# Homemade trout bait



## blueboy22 (Sep 30, 2007)

Anyone every make or use Homemade Trout Bait?
I have found a lot of recipes on the web for making it but wonder if it works well for you.
Last winter there were a lot of really slow days ice fishing DC for ever one. On one of the slowest days for every one I talked too, I was 30 yards from two guys and a 12 year old kid that were pulling up fish every time they sent down what ever they were using for Bait, or at least getting hits and missing them, It was incredible. The Boy walked past us to go the their truck and I asked him what they were using and he said homemade bait.
One thing that caught my Eye was the Big Electric Auger he was using. Well a few days later me and a buddy were trying to fish the spot they were in and two guys came and sat about 15 yards from us and started to Nailed the fish too. So I mentioned this guy with the Electric Auger That also did well catching Fish and they knew him so they also knew about this "bait" the way they were knocking them Dead. Wish I knew How to make what they were using.


----------



## DallanC (Jan 13, 2009)

Yes, I make up a special scent bait I use for Kokanee.


-DallanC


----------



## blueboy22 (Sep 30, 2007)

And it works good for you?. I'm going to try to mix a few things up this winter and see what happens.


----------



## elkfromabove (Apr 20, 2008)

DallanC said:


> Yes, I make up a special scent bait I use for Kokanee.
> 
> -DallanC


So please share the recipe!


----------



## EvilTyeDyeTwin (Aug 9, 2011)

Here are some recipies.....

1) Cheesy Garlic Trout Dough Bait

2 cups water, 1 cup flour, 1 cup cornmeal, ½ cup sugar, 1 tablespoon garlic powder, ¼ pound Velveeta cheese

Place the cheese in a small microwave safe bowl and microwave until melted.

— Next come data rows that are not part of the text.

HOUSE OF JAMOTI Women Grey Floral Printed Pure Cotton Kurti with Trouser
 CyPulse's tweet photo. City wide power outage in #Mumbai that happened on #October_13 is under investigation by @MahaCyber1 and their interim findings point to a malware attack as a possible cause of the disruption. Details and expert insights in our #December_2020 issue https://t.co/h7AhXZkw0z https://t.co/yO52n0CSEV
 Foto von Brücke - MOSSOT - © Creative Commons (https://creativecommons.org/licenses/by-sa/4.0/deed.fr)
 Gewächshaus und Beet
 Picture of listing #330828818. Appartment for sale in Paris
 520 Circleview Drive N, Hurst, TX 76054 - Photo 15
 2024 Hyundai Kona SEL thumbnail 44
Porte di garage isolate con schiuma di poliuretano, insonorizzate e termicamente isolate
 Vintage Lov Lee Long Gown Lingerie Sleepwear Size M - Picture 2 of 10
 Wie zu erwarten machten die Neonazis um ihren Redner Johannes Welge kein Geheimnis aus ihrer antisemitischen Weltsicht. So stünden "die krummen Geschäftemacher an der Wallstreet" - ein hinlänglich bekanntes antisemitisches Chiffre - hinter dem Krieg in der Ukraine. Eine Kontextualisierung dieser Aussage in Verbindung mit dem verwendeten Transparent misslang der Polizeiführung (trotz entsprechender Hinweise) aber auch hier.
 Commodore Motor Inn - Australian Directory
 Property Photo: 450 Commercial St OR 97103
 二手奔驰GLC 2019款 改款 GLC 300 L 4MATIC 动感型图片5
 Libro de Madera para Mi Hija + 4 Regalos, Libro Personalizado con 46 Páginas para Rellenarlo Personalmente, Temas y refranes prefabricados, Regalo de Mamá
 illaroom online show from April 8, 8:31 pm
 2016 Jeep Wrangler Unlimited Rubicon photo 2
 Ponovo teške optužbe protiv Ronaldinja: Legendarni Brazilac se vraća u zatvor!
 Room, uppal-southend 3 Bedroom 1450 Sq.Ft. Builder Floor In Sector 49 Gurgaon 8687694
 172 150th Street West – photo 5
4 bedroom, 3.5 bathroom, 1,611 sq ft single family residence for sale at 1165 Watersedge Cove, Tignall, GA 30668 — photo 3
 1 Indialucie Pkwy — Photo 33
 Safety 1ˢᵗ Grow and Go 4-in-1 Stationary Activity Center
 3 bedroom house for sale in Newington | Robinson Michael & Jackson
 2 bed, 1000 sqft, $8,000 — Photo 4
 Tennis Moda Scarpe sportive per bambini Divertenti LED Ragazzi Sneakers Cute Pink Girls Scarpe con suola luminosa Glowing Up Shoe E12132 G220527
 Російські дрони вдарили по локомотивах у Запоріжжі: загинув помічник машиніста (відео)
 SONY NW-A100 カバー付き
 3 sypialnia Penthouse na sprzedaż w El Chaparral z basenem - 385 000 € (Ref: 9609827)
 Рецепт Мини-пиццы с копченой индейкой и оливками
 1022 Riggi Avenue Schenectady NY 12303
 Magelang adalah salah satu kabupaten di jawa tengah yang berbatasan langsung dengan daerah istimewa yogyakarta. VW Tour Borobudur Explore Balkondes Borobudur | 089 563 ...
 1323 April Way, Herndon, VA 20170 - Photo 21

Mix water, melted cheese, flour, cornmeal, sugar, and garlic powder together in a large mixing bowl until well blended and a heavy dough is formed.

Fill a large stock pot with water and bring to a rapid boil. While waiting for the water to boil, pinch off enough of the dough to form a small ball and roll it until it forms a ball. Form all of the dough into balls. Drop in a few dough balls into the water at a time. Cook the balls in the boiling water for 1-2 minutes and then place on paper towels to dry off the excess water.


2) Heat up a non-stick sauce pan on low- medium heat.

1. Start with one jar of power bait, broken in small pieces. Any color or flavor you like. One and one half times the amount of Velveeta and 20 white mini marshmallows. Place in the pan and melt them together. The mixture gives you the integrity and semi-flotation of power bait, while milking into the water like Velveeta. Then put in a full jar of Salmon eggs into the mix and smash them up in to the mixture. Add one teaspoon of pancake syrup. Mix a tablespoon of your favorite bait scent in. Use anise extract or garlic oil.

2. Let the concoction cool, and then knead like dough.

3. Containerize and refrigerate until used.


----------



## blueboy22 (Sep 30, 2007)

Thanks Evil Twin, I'll try that one too.


----------